Task prompt -
Your answer should be an exact copy of the data.

Input -
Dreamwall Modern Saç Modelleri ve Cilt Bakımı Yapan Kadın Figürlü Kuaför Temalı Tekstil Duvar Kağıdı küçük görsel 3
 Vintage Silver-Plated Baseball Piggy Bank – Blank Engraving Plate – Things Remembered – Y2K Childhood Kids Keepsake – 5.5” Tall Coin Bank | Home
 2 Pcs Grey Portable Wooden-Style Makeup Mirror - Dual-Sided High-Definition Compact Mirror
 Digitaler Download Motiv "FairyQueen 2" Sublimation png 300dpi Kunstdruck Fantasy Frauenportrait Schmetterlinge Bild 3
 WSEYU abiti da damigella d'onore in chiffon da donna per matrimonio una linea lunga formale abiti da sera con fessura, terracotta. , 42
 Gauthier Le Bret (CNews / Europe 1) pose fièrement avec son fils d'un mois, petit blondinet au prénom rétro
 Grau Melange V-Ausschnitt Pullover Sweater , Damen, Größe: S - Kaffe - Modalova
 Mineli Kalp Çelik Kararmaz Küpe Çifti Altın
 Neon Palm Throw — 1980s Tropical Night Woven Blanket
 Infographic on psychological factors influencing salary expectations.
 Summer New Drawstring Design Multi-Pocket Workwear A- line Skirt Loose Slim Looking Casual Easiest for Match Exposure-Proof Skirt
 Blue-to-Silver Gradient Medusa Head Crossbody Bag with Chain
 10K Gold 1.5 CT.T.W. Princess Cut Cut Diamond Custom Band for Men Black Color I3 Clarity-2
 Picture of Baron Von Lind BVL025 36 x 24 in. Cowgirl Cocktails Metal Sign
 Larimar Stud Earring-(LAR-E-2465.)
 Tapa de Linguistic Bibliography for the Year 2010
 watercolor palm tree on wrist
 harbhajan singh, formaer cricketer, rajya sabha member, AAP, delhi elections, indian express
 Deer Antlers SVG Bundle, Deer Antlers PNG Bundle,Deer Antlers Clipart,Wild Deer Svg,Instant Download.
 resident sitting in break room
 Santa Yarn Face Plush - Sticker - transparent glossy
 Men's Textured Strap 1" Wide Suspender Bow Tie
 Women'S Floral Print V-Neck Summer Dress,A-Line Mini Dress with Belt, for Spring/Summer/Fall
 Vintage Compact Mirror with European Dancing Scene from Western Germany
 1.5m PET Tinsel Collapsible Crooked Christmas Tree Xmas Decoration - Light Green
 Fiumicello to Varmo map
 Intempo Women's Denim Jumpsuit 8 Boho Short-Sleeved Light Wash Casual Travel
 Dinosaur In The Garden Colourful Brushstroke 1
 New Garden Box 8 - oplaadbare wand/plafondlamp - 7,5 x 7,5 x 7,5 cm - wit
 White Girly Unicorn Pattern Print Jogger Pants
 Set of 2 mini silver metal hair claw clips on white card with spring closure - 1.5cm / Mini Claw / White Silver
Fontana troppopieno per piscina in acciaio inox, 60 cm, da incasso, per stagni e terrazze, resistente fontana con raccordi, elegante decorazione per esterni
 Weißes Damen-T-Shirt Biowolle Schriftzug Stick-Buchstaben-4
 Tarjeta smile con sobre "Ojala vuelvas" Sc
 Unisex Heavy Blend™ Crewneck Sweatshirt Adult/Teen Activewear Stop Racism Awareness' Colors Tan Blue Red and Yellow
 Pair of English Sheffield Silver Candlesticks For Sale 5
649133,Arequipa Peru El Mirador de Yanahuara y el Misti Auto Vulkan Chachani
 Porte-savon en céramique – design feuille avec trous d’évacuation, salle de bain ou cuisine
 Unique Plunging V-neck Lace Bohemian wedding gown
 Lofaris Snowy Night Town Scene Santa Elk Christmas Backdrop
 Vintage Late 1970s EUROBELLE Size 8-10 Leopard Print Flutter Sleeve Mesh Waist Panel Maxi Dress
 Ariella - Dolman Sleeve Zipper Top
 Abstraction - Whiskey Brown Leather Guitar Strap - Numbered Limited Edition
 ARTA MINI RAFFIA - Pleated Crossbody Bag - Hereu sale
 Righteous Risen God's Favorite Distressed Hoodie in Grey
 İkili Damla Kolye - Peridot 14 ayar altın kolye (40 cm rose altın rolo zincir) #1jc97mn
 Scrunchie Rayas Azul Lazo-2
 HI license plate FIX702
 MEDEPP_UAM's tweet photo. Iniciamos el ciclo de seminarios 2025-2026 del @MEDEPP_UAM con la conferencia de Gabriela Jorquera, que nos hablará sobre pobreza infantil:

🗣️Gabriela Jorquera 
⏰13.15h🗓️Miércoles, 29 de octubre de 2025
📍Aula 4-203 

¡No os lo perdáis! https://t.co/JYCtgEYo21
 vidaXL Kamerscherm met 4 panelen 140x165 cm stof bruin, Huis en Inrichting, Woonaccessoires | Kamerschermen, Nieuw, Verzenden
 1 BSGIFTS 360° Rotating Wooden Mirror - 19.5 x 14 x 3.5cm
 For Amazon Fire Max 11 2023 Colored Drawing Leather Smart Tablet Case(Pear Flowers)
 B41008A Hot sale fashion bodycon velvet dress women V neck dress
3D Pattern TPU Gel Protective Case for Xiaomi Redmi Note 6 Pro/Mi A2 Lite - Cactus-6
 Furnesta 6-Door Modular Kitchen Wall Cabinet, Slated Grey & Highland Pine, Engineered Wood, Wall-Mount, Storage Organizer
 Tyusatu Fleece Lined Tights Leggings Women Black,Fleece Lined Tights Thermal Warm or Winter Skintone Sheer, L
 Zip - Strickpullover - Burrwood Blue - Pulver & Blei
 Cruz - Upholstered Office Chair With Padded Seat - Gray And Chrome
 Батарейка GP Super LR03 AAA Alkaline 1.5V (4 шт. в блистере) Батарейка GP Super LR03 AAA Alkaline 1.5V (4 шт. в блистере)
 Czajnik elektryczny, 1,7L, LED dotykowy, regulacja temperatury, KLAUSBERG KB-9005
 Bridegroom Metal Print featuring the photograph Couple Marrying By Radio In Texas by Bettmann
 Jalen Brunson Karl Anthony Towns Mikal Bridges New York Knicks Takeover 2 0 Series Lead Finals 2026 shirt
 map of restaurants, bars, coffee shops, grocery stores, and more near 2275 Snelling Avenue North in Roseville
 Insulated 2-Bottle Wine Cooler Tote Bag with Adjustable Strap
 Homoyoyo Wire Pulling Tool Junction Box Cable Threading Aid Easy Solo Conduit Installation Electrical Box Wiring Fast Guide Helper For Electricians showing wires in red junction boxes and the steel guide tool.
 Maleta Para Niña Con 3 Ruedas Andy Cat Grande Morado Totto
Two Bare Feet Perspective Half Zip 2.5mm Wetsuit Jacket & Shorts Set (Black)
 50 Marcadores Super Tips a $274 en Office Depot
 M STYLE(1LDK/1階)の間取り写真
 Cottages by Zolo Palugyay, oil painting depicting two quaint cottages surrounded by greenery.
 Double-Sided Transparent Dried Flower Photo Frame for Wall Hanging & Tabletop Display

Solved problem -
Dreamwall Modern Saç Modelleri ve Cilt Bakımı Yapan Kadın Figürlü Kuaför Temalı Tekstil Duvar Kağıdı küçük görsel 3
 Vintage Silver-Plated Baseball Piggy Bank – Blank Engraving Plate – Things Remembered – Y2K Childhood Kids Keepsake – 5.5” Tall Coin Bank | Home
 2 Pcs Grey Portable Wooden-Style Makeup Mirror - Dual-Sided High-Definition Compact Mirror
 Digitaler Download Motiv "FairyQueen 2" Sublimation png 300dpi Kunstdruck Fantasy Frauenportrait Schmetterlinge Bild 3
 WSEYU abiti da damigella d'onore in chiffon da donna per matrimonio una linea lunga formale abiti da sera con fessura, terracotta. , 42
 Gauthier Le Bret (CNews / Europe 1) pose fièrement avec son fils d'un mois, petit blondinet au prénom rétro
 Grau Melange V-Ausschnitt Pullover Sweater , Damen, Größe: S - Kaffe - Modalova
 Mineli Kalp Çelik Kararmaz Küpe Çifti Altın
 Neon Palm Throw — 1980s Tropical Night Woven Blanket
 Infographic on psychological factors influencing salary expectations.
 Summer New Drawstring Design Multi-Pocket Workwear A- line Skirt Loose Slim Looking Casual Easiest for Match Exposure-Proof Skirt
 Blue-to-Silver Gradient Medusa Head Crossbody Bag with Chain
 10K Gold 1.5 CT.T.W. Princess Cut Cut Diamond Custom Band for Men Black Color I3 Clarity-2
 Picture of Baron Von Lind BVL025 36 x 24 in. Cowgirl Cocktails Metal Sign
 Larimar Stud Earring-(LAR-E-2465.)
 Tapa de Linguistic Bibliography for the Year 2010
 watercolor palm tree on wrist
 harbhajan singh, formaer cricketer, rajya sabha member, AAP, delhi elections, indian express
 Deer Antlers SVG Bundle, Deer Antlers PNG Bundle,Deer Antlers Clipart,Wild Deer Svg,Instant Download.
 resident sitting in break room
 Santa Yarn Face Plush - Sticker - transparent glossy
 Men's Textured Strap 1" Wide Suspender Bow Tie
 Women'S Floral Print V-Neck Summer Dress,A-Line Mini Dress with Belt, for Spring/Summer/Fall
 Vintage Compact Mirror with European Dancing Scene from Western Germany
 1.5m PET Tinsel Collapsible Crooked Christmas Tree Xmas Decoration - Light Green
 Fiumicello to Varmo map
 Intempo Women's Denim Jumpsuit 8 Boho Short-Sleeved Light Wash Casual Travel
 Dinosaur In The Garden Colourful Brushstroke 1
 New Garden Box 8 - oplaadbare wand/plafondlamp - 7,5 x 7,5 x 7,5 cm - wit
 White Girly Unicorn Pattern Print Jogger Pants
 Set of 2 mini silver metal hair claw clips on white card with spring closure - 1.5cm / Mini Claw / White Silver
Fontana troppopieno per piscina in acciaio inox, 60 cm, da incasso, per stagni e terrazze, resistente fontana con raccordi, elegante decorazione per esterni
 Weißes Damen-T-Shirt Biowolle Schriftzug Stick-Buchstaben-4
 Tarjeta smile con sobre "Ojala vuelvas" Sc
 Unisex Heavy Blend™ Crewneck Sweatshirt Adult/Teen Activewear Stop Racism Awareness' Colors Tan Blue Red and Yellow
 Pair of English Sheffield Silver Candlesticks For Sale 5
649133,Arequipa Peru El Mirador de Yanahuara y el Misti Auto Vulkan Chachani
 Porte-savon en céramique – design feuille avec trous d’évacuation, salle de bain ou cuisine
 Unique Plunging V-neck Lace Bohemian wedding gown
 Lofaris Snowy Night Town Scene Santa Elk Christmas Backdrop
 Vintage Late 1970s EUROBELLE Size 8-10 Leopard Print Flutter Sleeve Mesh Waist Panel Maxi Dress
 Ariella - Dolman Sleeve Zipper Top
 Abstraction - Whiskey Brown Leather Guitar Strap - Numbered Limited Edition
 ARTA MINI RAFFIA - Pleated Crossbody Bag - Hereu sale
 Righteous Risen God's Favorite Distressed Hoodie in Grey
 İkili Damla Kolye - Peridot 14 ayar altın kolye (40 cm rose altın rolo zincir) #1jc97mn
 Scrunchie Rayas Azul Lazo-2
 HI license plate FIX702
 MEDEPP_UAM's tweet photo. Iniciamos el ciclo de seminarios 2025-2026 del @MEDEPP_UAM con la conferencia de Gabriela Jorquera, que nos hablará sobre pobreza infantil:

🗣️Gabriela Jorquera 
⏰13.15h🗓️Miércoles, 29 de octubre de 2025
📍Aula 4-203 

¡No os lo perdáis! https://t.co/JYCtgEYo21
 vidaXL Kamerscherm met 4 panelen 140x165 cm stof bruin, Huis en Inrichting, Woonaccessoires | Kamerschermen, Nieuw, Verzenden
 1 BSGIFTS 360° Rotating Wooden Mirror - 19.5 x 14 x 3.5cm
 For Amazon Fire Max 11 2023 Colored Drawing Leather Smart Tablet Case(Pear Flowers)
 B41008A Hot sale fashion bodycon velvet dress women V neck dress
3D Pattern TPU Gel Protective Case for Xiaomi Redmi Note 6 Pro/Mi A2 Lite - Cactus-6
 Furnesta 6-Door Modular Kitchen Wall Cabinet, Slated Grey & Highland Pine, Engineered Wood, Wall-Mount, Storage Organizer
 Tyusatu Fleece Lined Tights Leggings Women Black,Fleece Lined Tights Thermal Warm or Winter Skintone Sheer, L
 Zip - Strickpullover - Burrwood Blue - Pulver & Blei
 Cruz - Upholstered Office Chair With Padded Seat - Gray And Chrome
 Батарейка GP Super LR03 AAA Alkaline 1.5V (4 шт. в блистере) Батарейка GP Super LR03 AAA Alkaline 1.5V (4 шт. в блистере)
 Czajnik elektryczny, 1,7L, LED dotykowy, regulacja temperatury, KLAUSBERG KB-9005
 Bridegroom Metal Print featuring the photograph Couple Marrying By Radio In Texas by Bettmann
 Jalen Brunson Karl Anthony Towns Mikal Bridges New York Knicks Takeover 2 0 Series Lead Finals 2026 shirt
 map of restaurants, bars, coffee shops, grocery stores, and more near 2275 Snelling Avenue North in Roseville
 Insulated 2-Bottle Wine Cooler Tote Bag with Adjustable Strap
 Homoyoyo Wire Pulling Tool Junction Box Cable Threading Aid Easy Solo Conduit Installation Electrical Box Wiring Fast Guide Helper For Electricians showing wires in red junction boxes and the steel guide tool.
 Maleta Para Niña Con 3 Ruedas Andy Cat Grande Morado Totto
Two Bare Feet Perspective Half Zip 2.5mm Wetsuit Jacket & Shorts Set (Black)
 50 Marcadores Super Tips a $274 en Office Depot
 M STYLE(1LDK/1階)の間取り写真
 Cottages by Zolo Palugyay, oil painting depicting two quaint cottages surrounded by greenery.
 Double-Sided Transparent Dried Flower Photo Frame for Wall Hanging & Tabletop Display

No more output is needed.